Odinga’s long-time rival, incumbent Uhuru Kenyatta, won the controversial October 26 rerun, garnering about 98 percent of votes cast. Most Odinga supporters stayed well-away from polling stations last Thursday, claiming that no electoral reforms had been made since the Supreme Court nullified an August 8 vote due to irregularities.
The results announcement on Monday sparked protests in Odinga strongholds including the Kawangware, Kibera, and Mathare slums in Nairobi, as well as Kisumu in western Kenya.
In his Tuesday speech, Odinga stressed his supporters should resist with “economic boycotts, peaceful procession, picketing and other legitimate forms of protest”. However, the periods both before and after the August 8 and October 26 elections were marred by deadly street clashes pitting police against Odinga’s supporters.
There have also been several incidents of ethnic violence, and in Odinga strongholds ethnically charged rhetoric is frequently utilised as a rallying cry against the Kenyatta government.
In Kawangware on Tuesday, Odinga supporters expressed differing views on the best way forward.
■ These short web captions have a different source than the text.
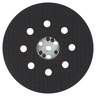 Клейкий тарілчастий шліфувальний круг для ексцентрикових шліфувальних машин, діаметром 125 мм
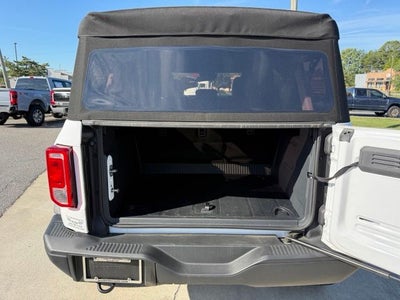2024 Ford Bronco Black Diamond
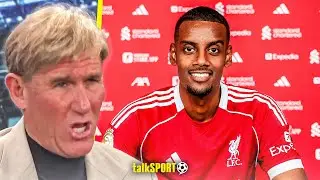 Simon Jordan DESTROYS Alexander Isak & agent after SHOCK NEW statement released by striker's camp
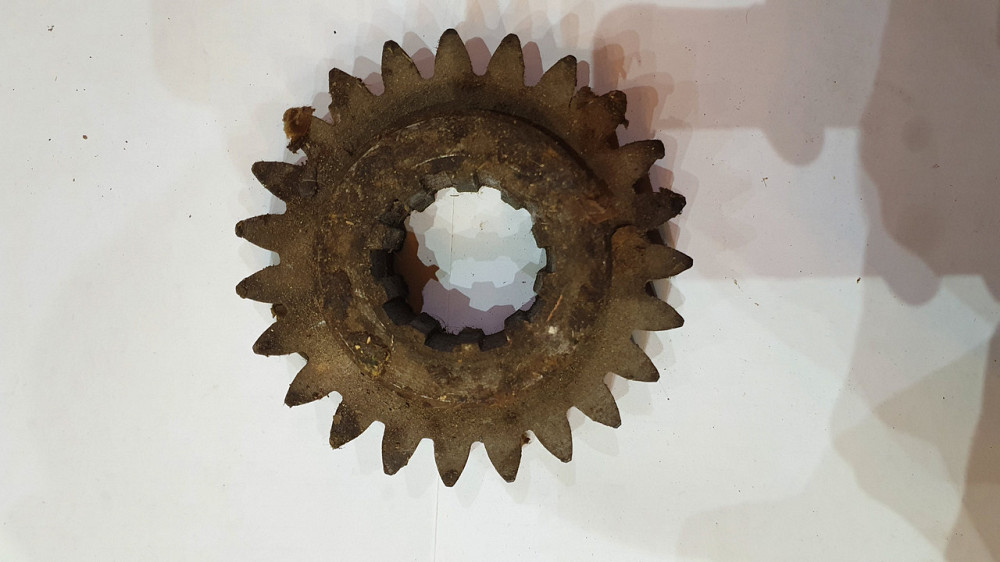 Шестірня роздавальної коробки проміжного вала ГАЗ-66, 23 зуби. 66-1802088-Б Харків - фото 1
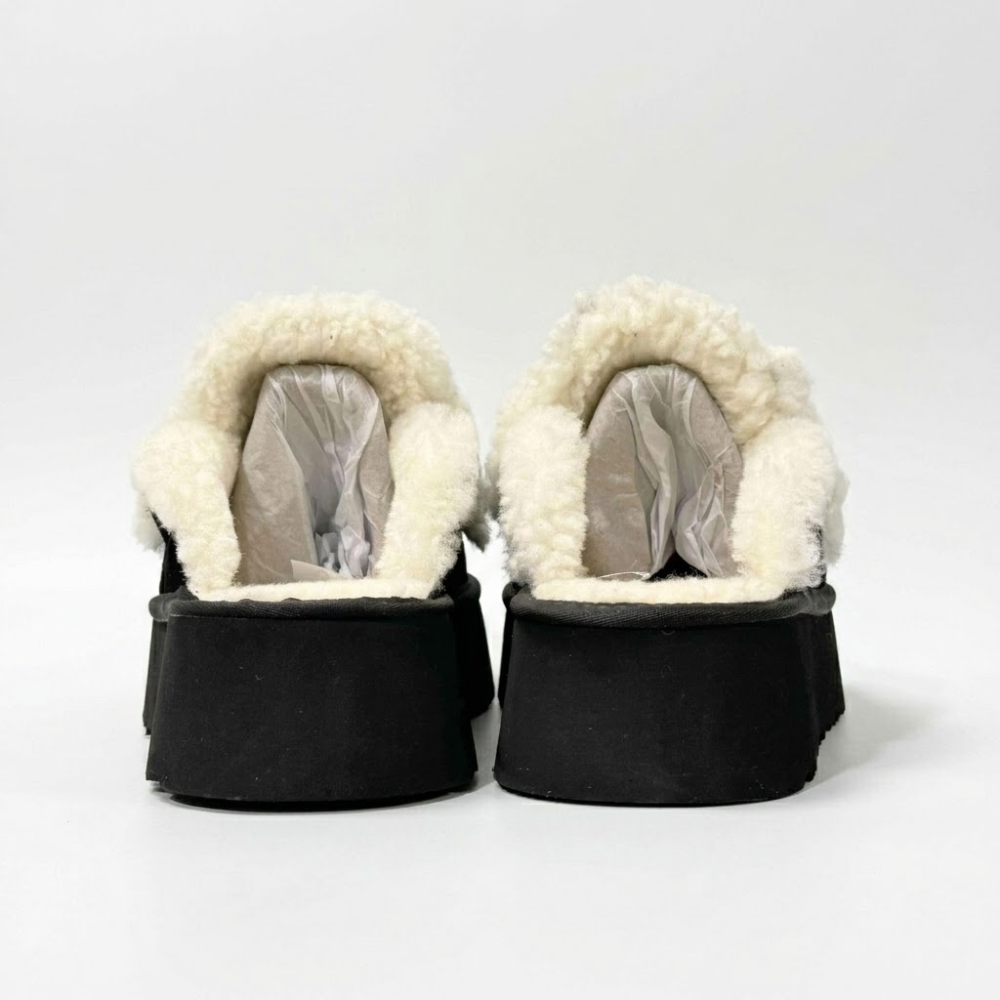 UGG Women's Funkette Suede Platform Mules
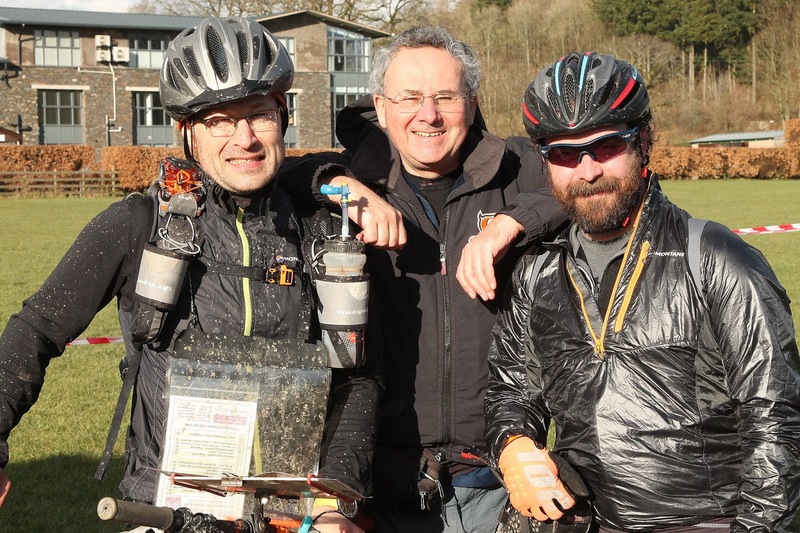 Adam, Pyro And Rob   Open 5 Burnside 2019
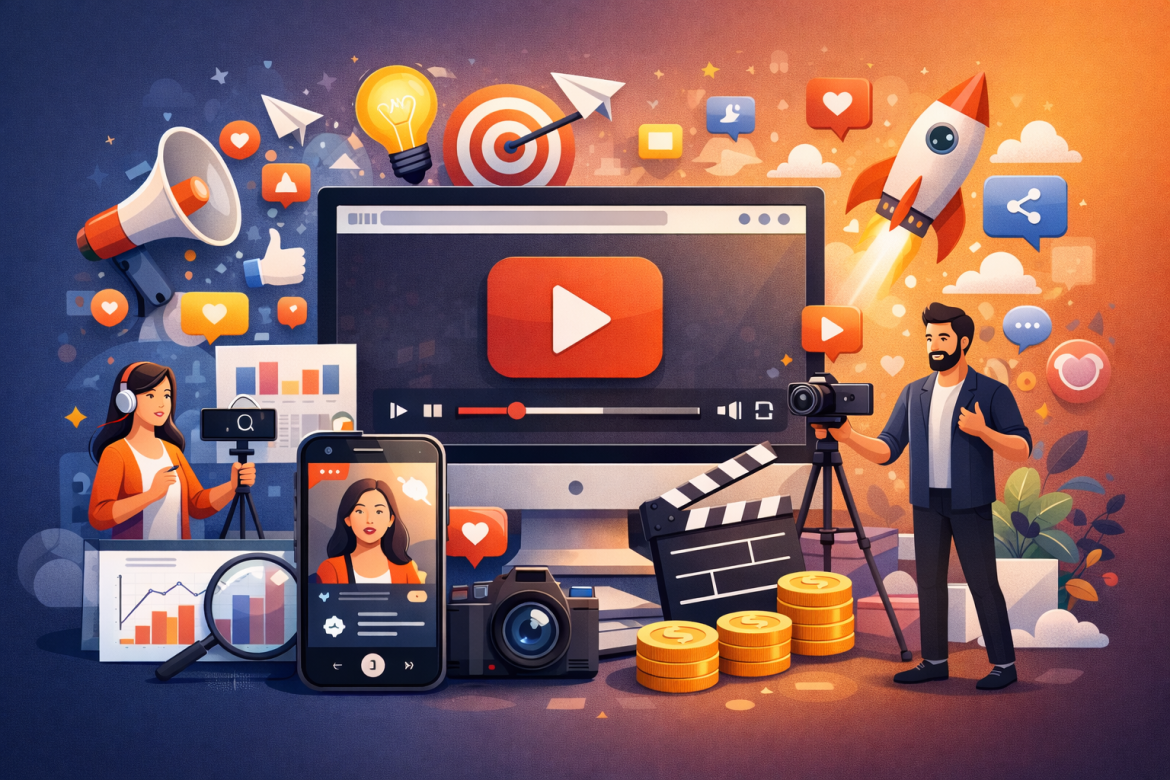 Estratégias de vídeo para o marketing digital moderno
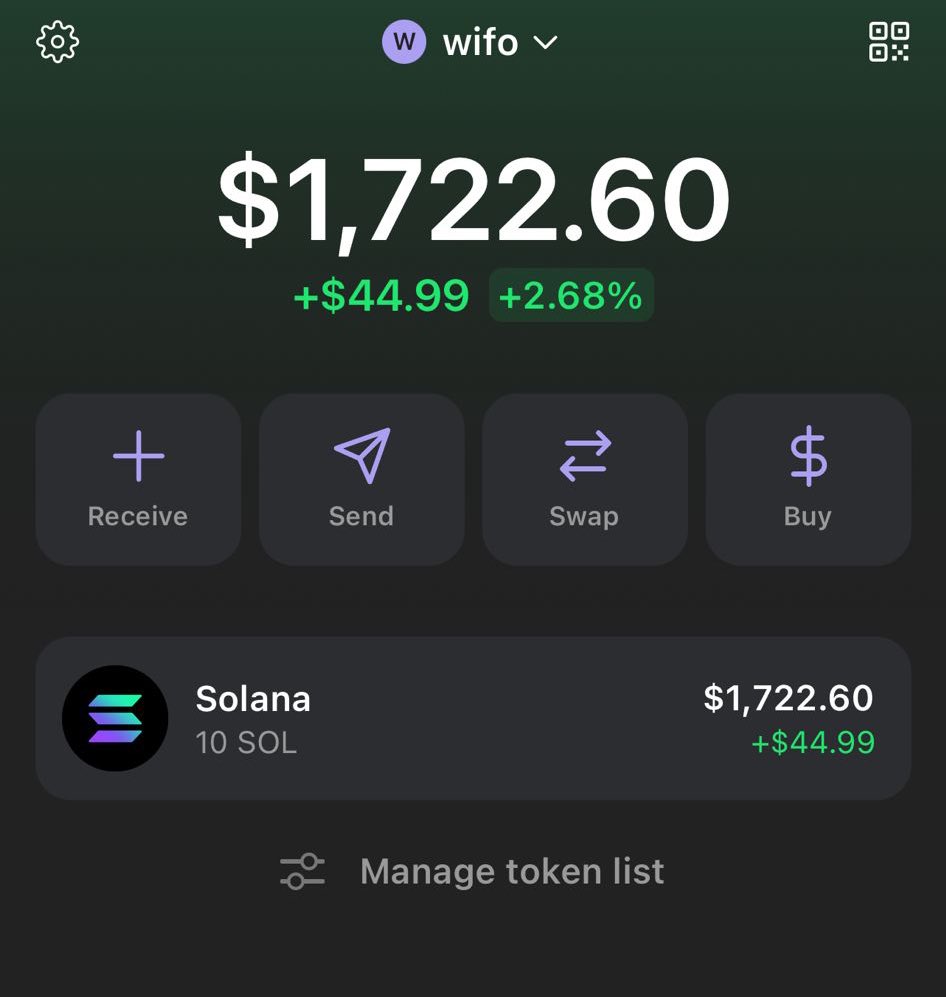 10 SOL GIVEAWAY MFS

To enter:

Join my tg t.me/wifosanctum 

Drop your wallet below

winner in 24 hours, good luck 😈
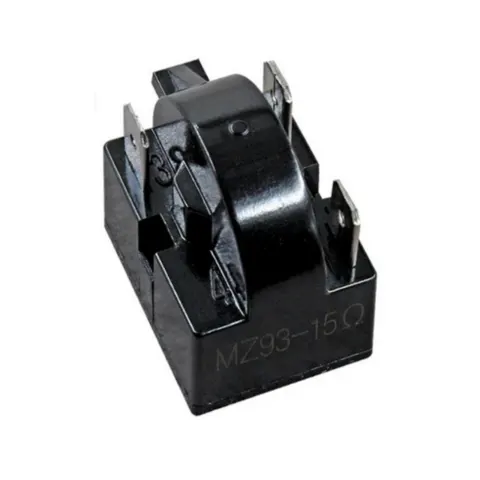 3-Pin PTC Start Relay for Fridge Compressors, 15 Ohm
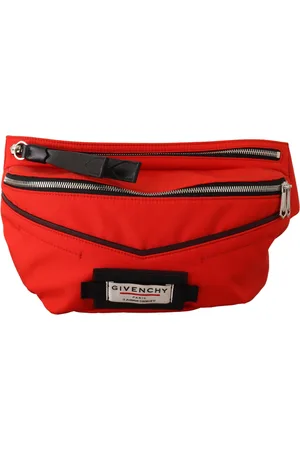 Givenchy Herr Polyamid Downtown Stor Bum Belt Väska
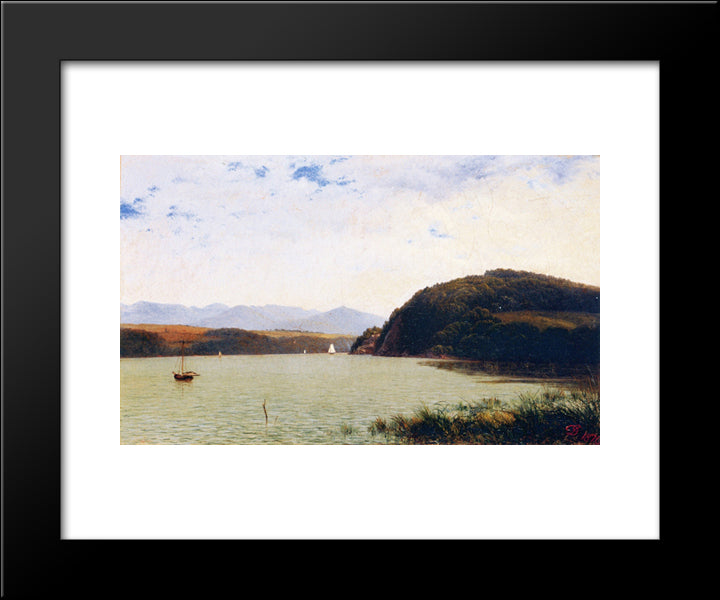 Marlborough 20x24 Black Modern Wood Framed Art Print Poster by Johnson, David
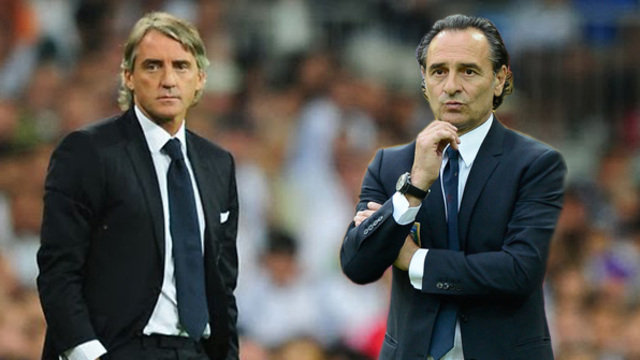 Prandelli'den Mancini açıklaması!
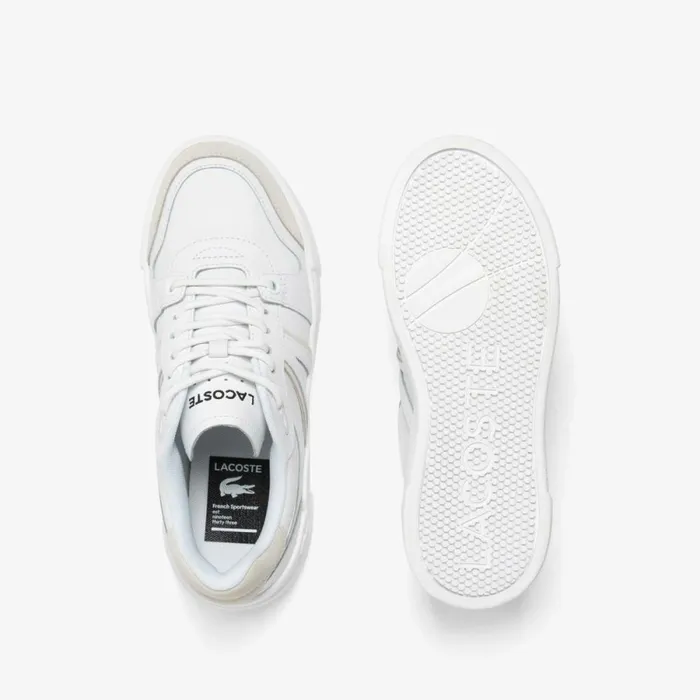 Sneakers Women Lacoste Women039s L002 Summer Style Leather Sneakers Whtoff Wht 65t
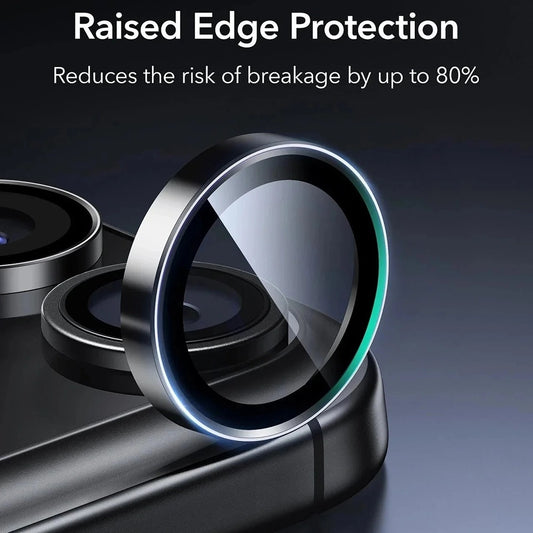 Ochranná fólie na zadní kameru ESR Armorite pro Apple iPhone 18 Pro / 18 Pro Max, tvrzené sklo, tmavě vínová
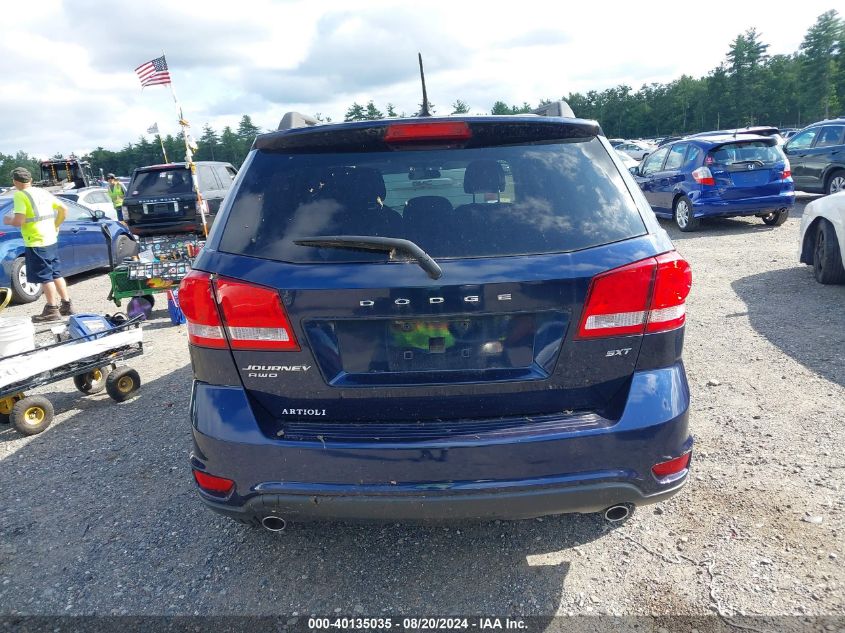 2017 Dodge Journey Sxt Awd VIN: 3C4PDDBG2HT526066 Lot: 40135035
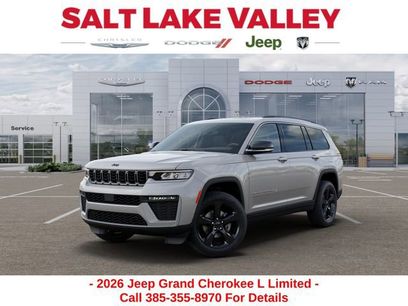 New 2026 Jeep Grand Cherokee L Limited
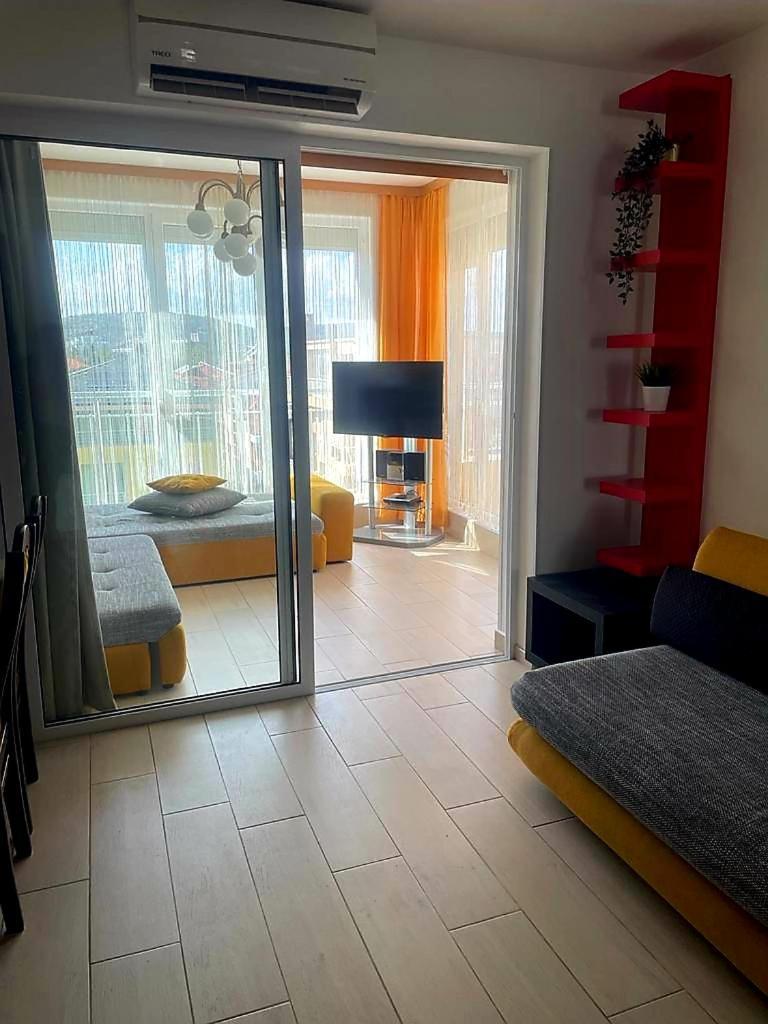 Sunset View Przy Samym Morzu Plazy Apartment Primorsko Exterior photo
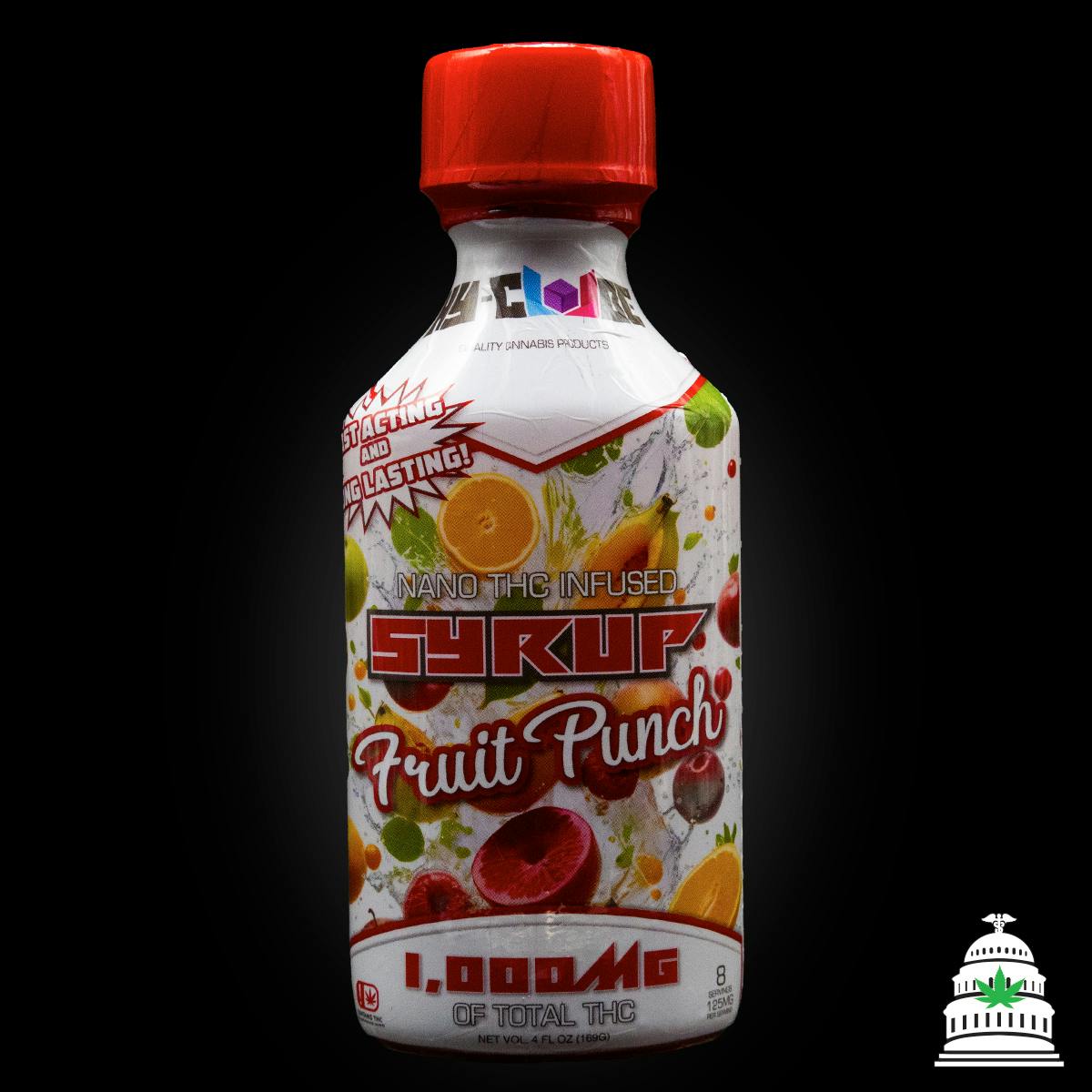 Fruit Punch - 750mg Hy Cube Syrup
In an oft-repeated refrain, many said they were “waiting for baba” to give them instructions, referring to Odinga with the Swahili word for “father”. Others said they “are ready to die” to help put him in power.
“Let’s not lie that there will be peace. We youth have already decided [against it],” said a 27-year-old former soldier in Kawangware who identified himself as Kelvin Omanyo.
Omanyo, like many other Odinga supporters, decried the fact that “two tribes” rule the country, referring to the Kikuyu, of which President Kenyatta is a member and the Kalenjin, of which Deputy President William Ruto is a member.
Musungu Jackton, a shopkeeper, echoed these sentiments and said many of the deep divisions in the country came down to “inequalities” based on ethnicity.
“Even now, when you go to apply for a job [employers] just look at your name [so] they can tell which tribe you are from,” said Jackton, who is from the Teso tribe.
But as Kenya’s political impasse drags on into the fourth month and as the county continues to suffer economically, at least some loyal Odinga supporters are growing weary of continued conflict.
“I prefer for peace to prevail. Let us just move on because they have already stolen” the election, said Pastor Aggrey Sagala of the Holy International Church in Kawangware.
“If the Kenyan leaders don’t sit down together and we don’t stop voting along ethnic lines, we will all perish.”